INSTRUCTIONS TO FOLLOW:
All lines in the records below from the line with "Beautifully Finished Top" through the line with "2022 Toyota C-HR Limited" are to be given again exactly, both ends included; the pictures are to be left out.

RECORDED DATA:

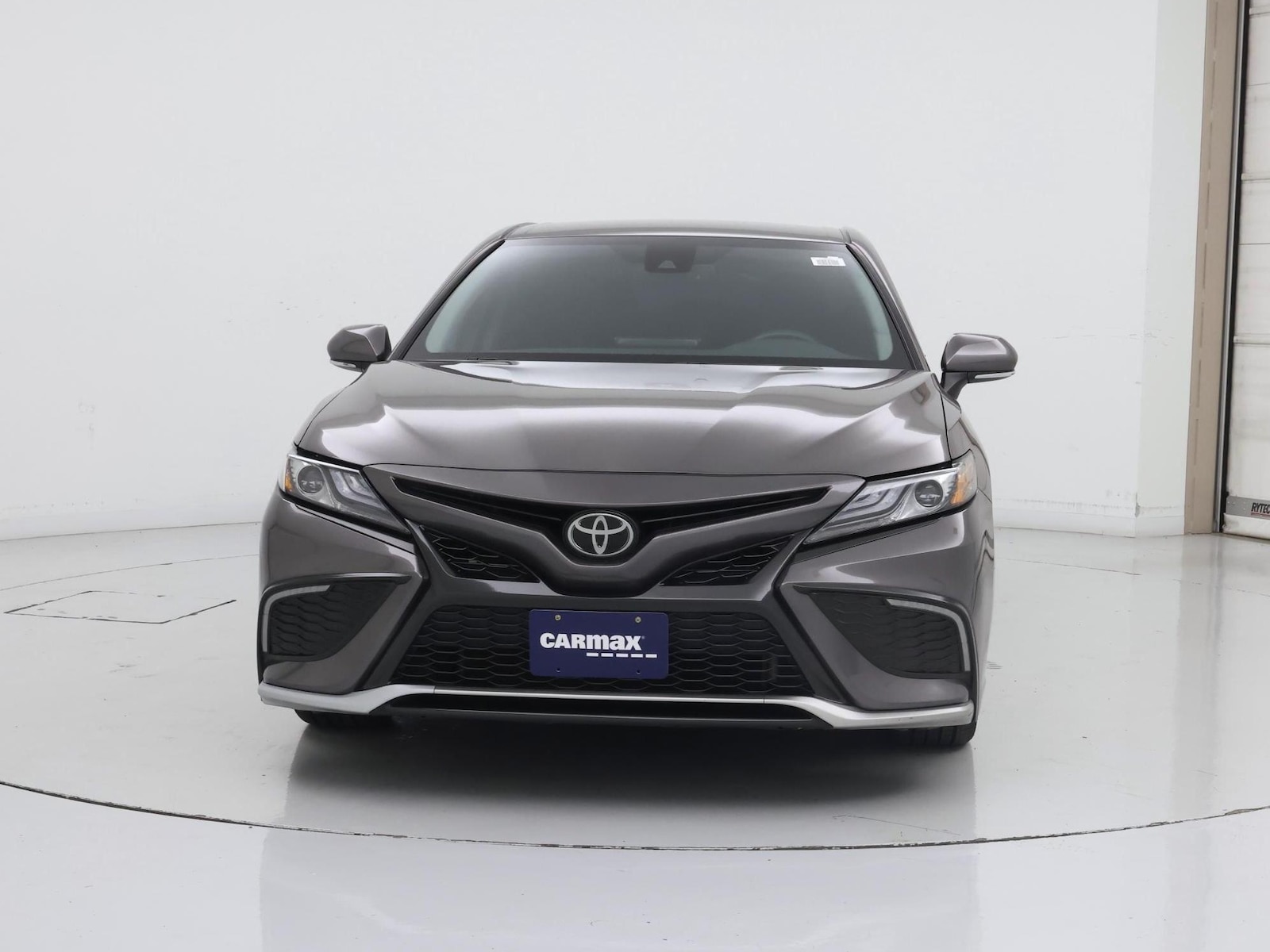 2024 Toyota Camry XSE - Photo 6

==

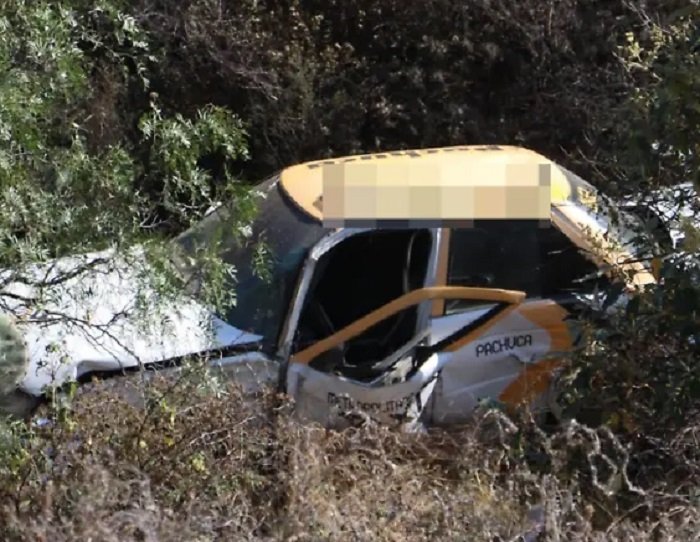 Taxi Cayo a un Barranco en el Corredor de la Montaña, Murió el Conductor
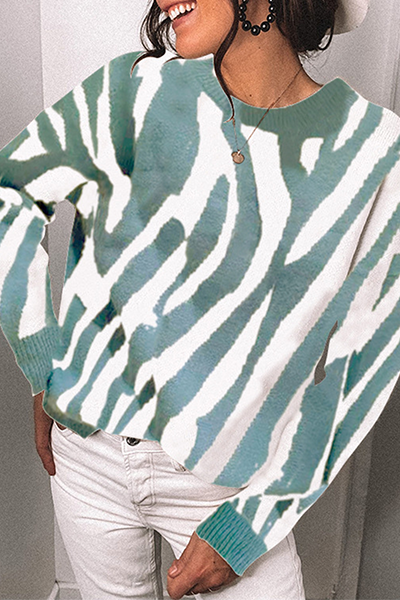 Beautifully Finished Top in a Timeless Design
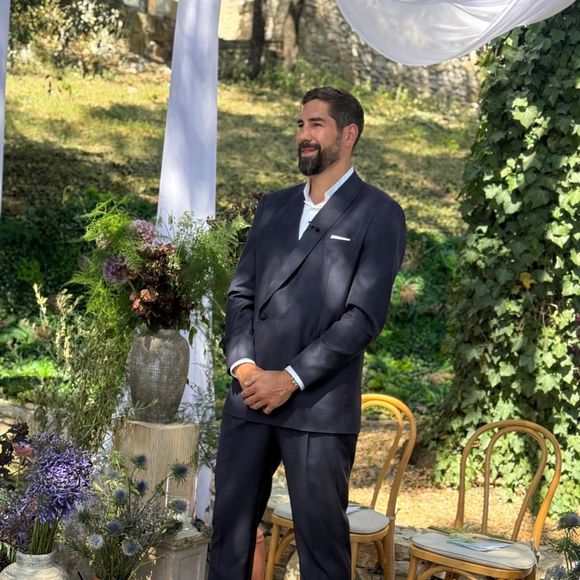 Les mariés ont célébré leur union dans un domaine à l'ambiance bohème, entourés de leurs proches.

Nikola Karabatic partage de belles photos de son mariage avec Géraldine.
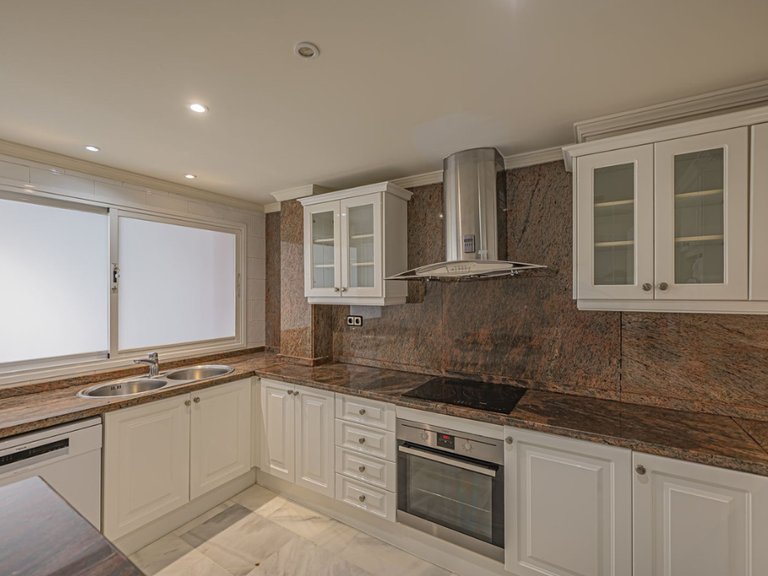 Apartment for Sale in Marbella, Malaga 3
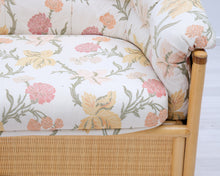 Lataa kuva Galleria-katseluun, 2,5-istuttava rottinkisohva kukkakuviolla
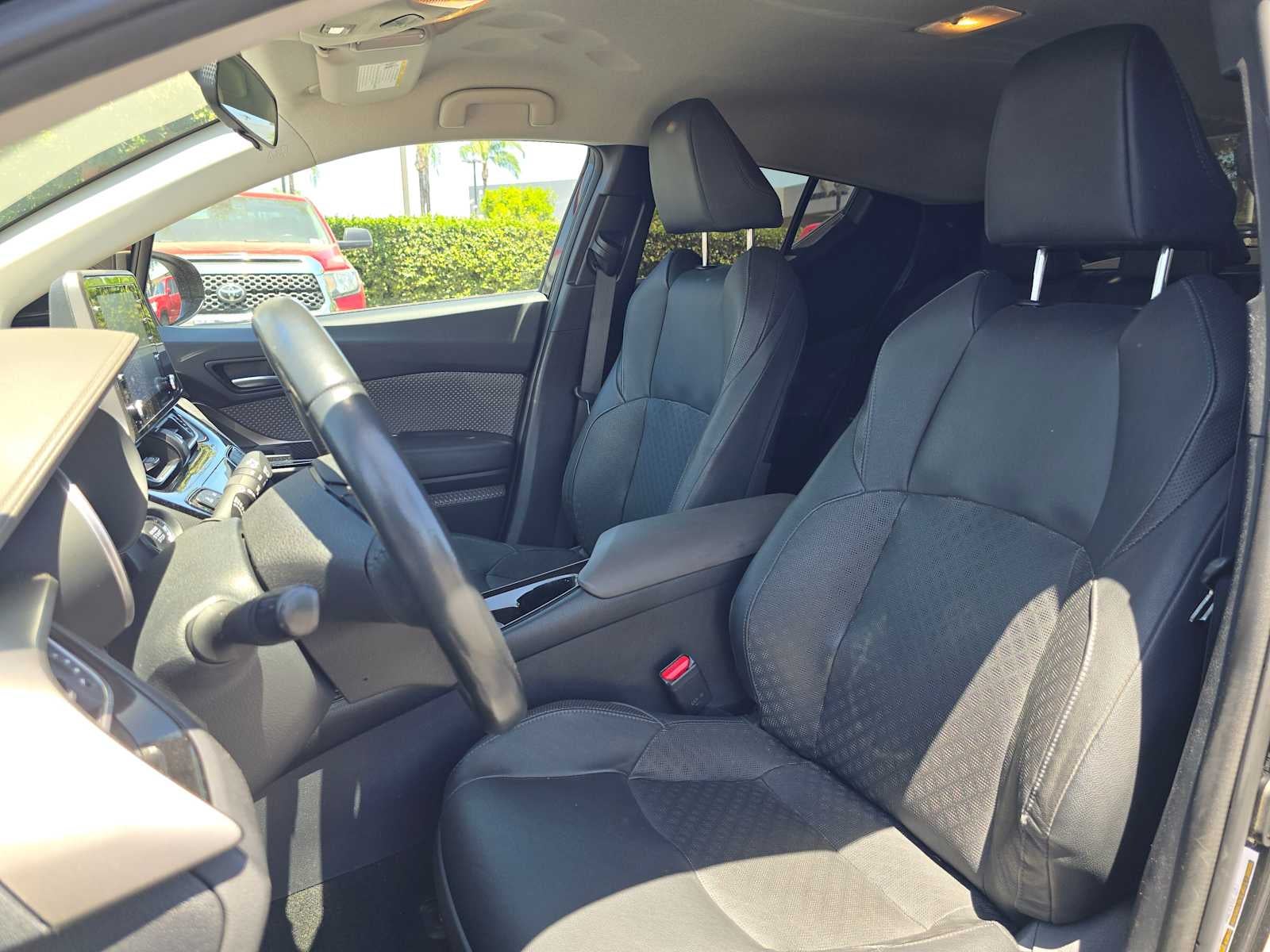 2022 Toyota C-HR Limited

==

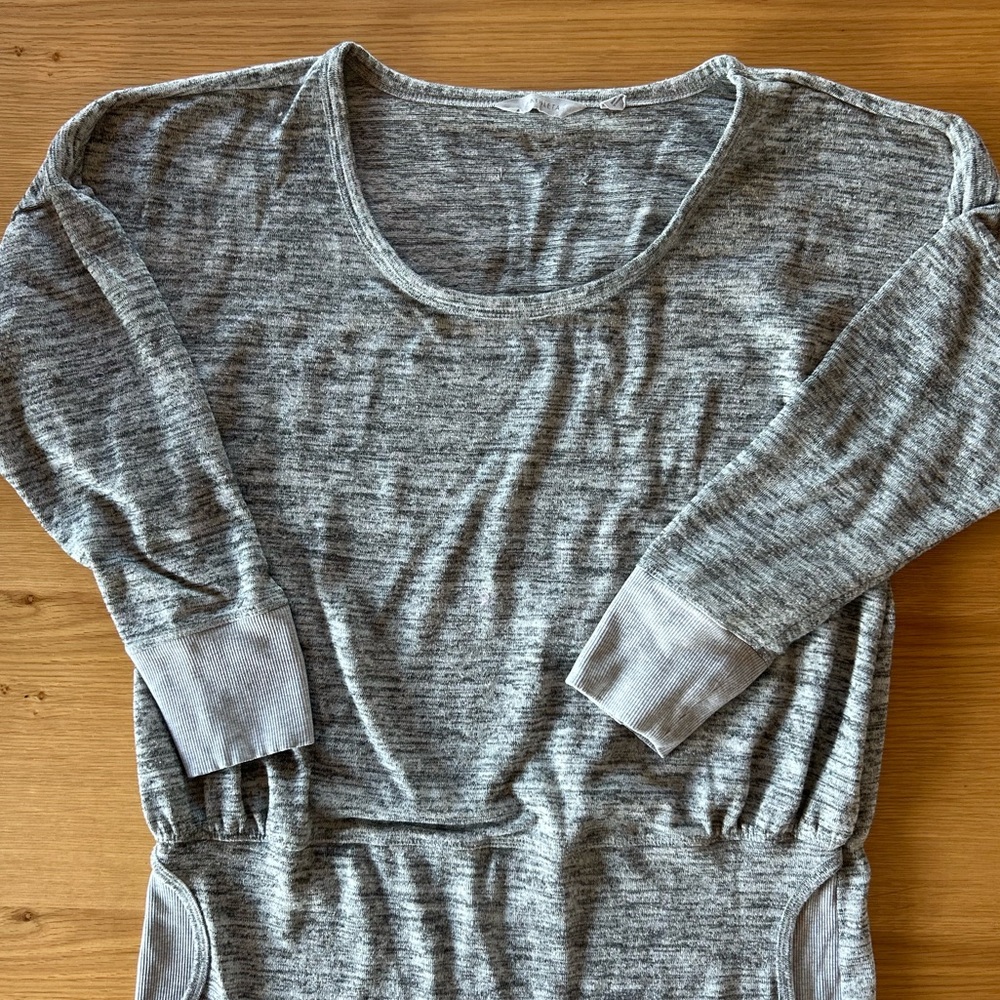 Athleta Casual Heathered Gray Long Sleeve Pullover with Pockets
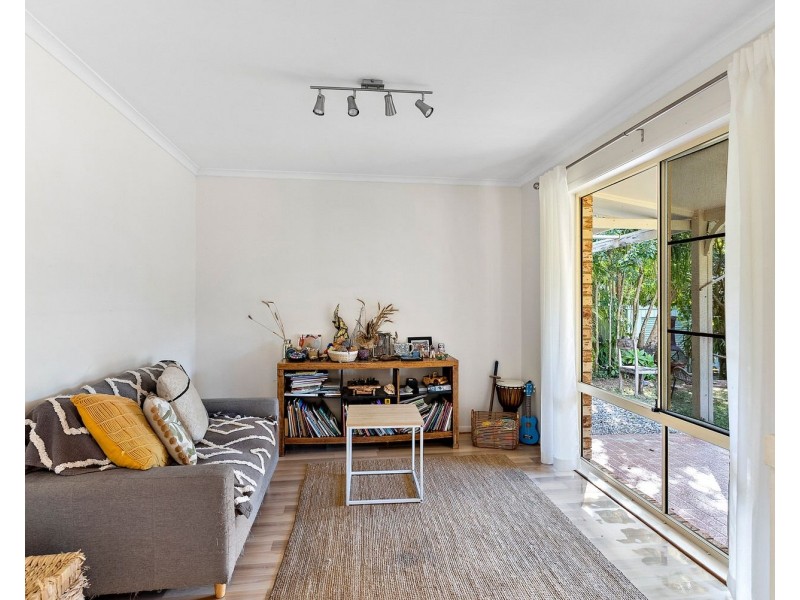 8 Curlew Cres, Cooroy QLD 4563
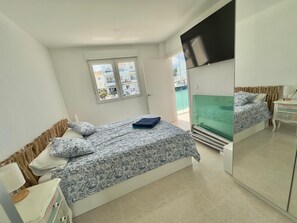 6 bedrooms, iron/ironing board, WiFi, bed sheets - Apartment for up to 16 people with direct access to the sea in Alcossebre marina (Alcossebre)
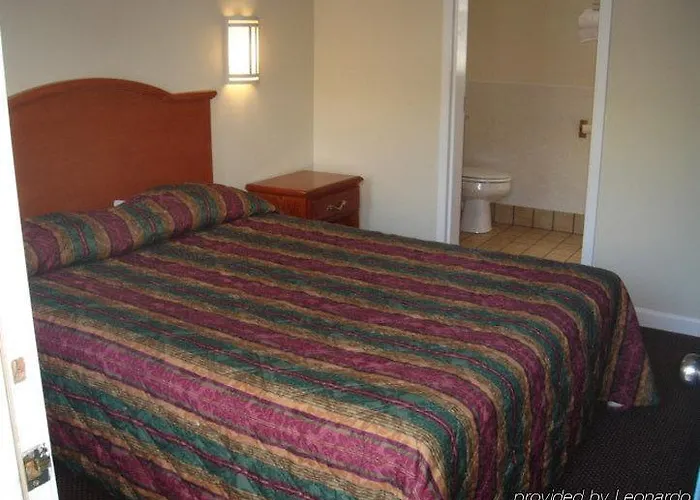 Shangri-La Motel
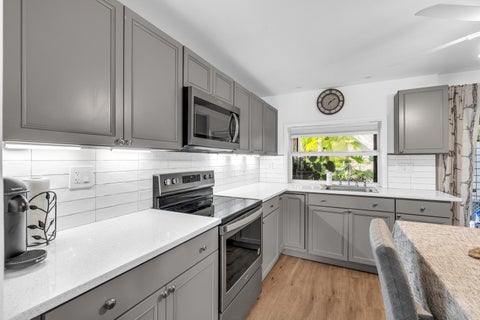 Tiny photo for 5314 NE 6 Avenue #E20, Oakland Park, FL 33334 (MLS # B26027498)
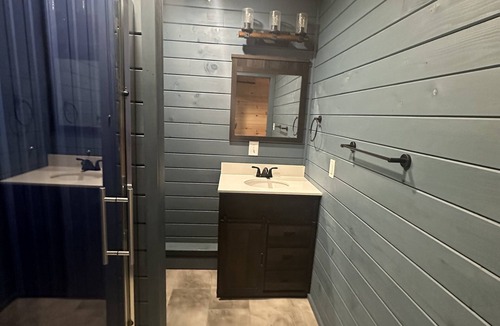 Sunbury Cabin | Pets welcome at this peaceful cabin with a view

ANSWER BELOW:
 Beautifully Finished Top in a Timeless Design
 Les mariés ont célébré leur union dans un domaine à l'ambiance bohème, entourés de leurs proches.

Nikola Karabatic partage de belles photos de son mariage avec Géraldine.
 Apartment for Sale in Marbella, Malaga 3
 Lataa kuva Galleria-katseluun, 2,5-istuttava rottinkisohva kukkakuviolla
 2022 Toyota C-HR Limited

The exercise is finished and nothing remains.